Sen. John McCain, an Arizona Republican and former Vietnam prisoner of war, criticized the deal on State of the Union.

The five Taliban prisoners "were evaluated and judged as too great a risk to release," McCain said. "I'm sad to tell you I'm afraid they're going to re-enter the fight."

The administration received key support, however, from an influential retired military leader, Gen. James Mattis, who said that the exchange would make it easier now to attack the extremist groups involved in Bergdahl's detention.

Up to now, the general said, every time commanders weighed an attack on the Haqqani Network, which operates on both sides of the Afghanistan-Pakistan border, "we were concerned that Bowe Bergdahl could end up dead."

That concern is gone, he said on CNN.

"There's also a freedom to operate against them that perhaps we didn't fully enjoy," he said.

Mattis -- who headed the U.S. Central Command from 2010 to 2013, with responsibility for Afghanistan -- also argued that the Qataris, with "some of their own prestige at stake," had reason to monitor the Taliban officials closely.

Like Kerry, the general dismissed the idea that the swap might inspire terror groups to kidnap Americans, saying, "It's not like all of a sudden they have a new impulse here."
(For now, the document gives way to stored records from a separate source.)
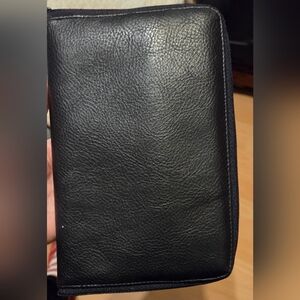 Connoisseurs Black Travel Jewelry Organizer 8.5 X 5.5"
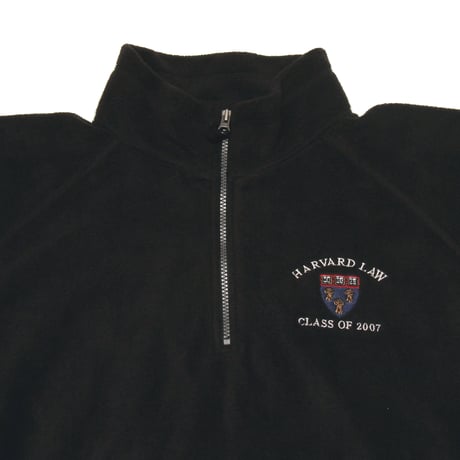 Teereco / Vintage, Embroidery Custom 1/4 Zip Fleece Jacket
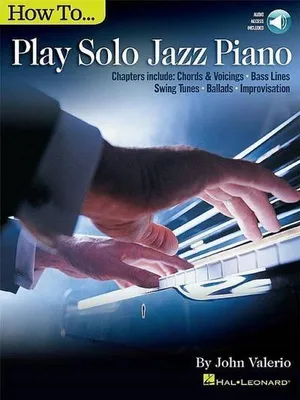 Obrázok produktu pre How to Play Solo Jazz Piano Book/Online Audio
With the U.S. combat role in Afghanistan coming to an end and most troops to be withdrawn by the end of 2016, opportunities for Taliban to kidnap Americans will dwindle, Kerry said.

Key members of Congress have expressed serious concerns that the administration failed to inform them in advance of the Bergdahl exchange.

On Sunday, the leaders of the intelligence committees in both chambers, Sen. Dianne Feinstein of California and Rep. Mike Rogers of Michigan, raised the question of why the administration had backed away from a goal enunciated in 2011: to make the Bergdahl deal the first step in a broader, behind-the-scenes effort to reach a reconciliation agreement with the Taliban.

Feinstein, a Democrat, also said that she found it hard to accept Kerry's assurances that the Taliban members could be kept securely in Doha, the capital of Qatar. Previous negotiations, she said, had included a requirement for the house arrest of the five, in contrast to the current arrangement, which reportedly will allow them to move about the country.

"You can't help but worry about them in Doha," she said on CBS' Face the Nation. "And we have no information on how the United States is actually going to see that they remain in Doha, that they make no comments, that they do no agitation.

"It's hard to be comfortable when you really haven't been briefed on the intricacies of carrying out this agreement."

Bergdahl, who remains at an Army medical center in Landstuhl, Germany, has told medical officials that his former captors locked him in a metal cage in darkness for weeks at a time as punishment for trying to escape. A U.S. defense official declined to confirm that account.

Feinstein said she had heard rumors of Bergdahl trying to escape his captivity, though she said she had never heard of any allegations of torture.

Rogers, a Republican, said that he was convinced that at least three of the Taliban members, and perhaps all five, would try to return to the battlefield. In the meantime, he said on ABC's This Week, they can meet in Qatar with other Taliban figures, or with visiting family members, and send messages by courier to Afghanistan or Pakistan.

Rogers said he did not expect the five to plan anything "operational," that is, to plan attacks. But he said the conditions of their time in Qatar would allow them "to prepare for what's next."

Information for this article was contributed by Brian Knowlton of The New York Times and by David Lerman and Greg Giroux of Bloomberg News.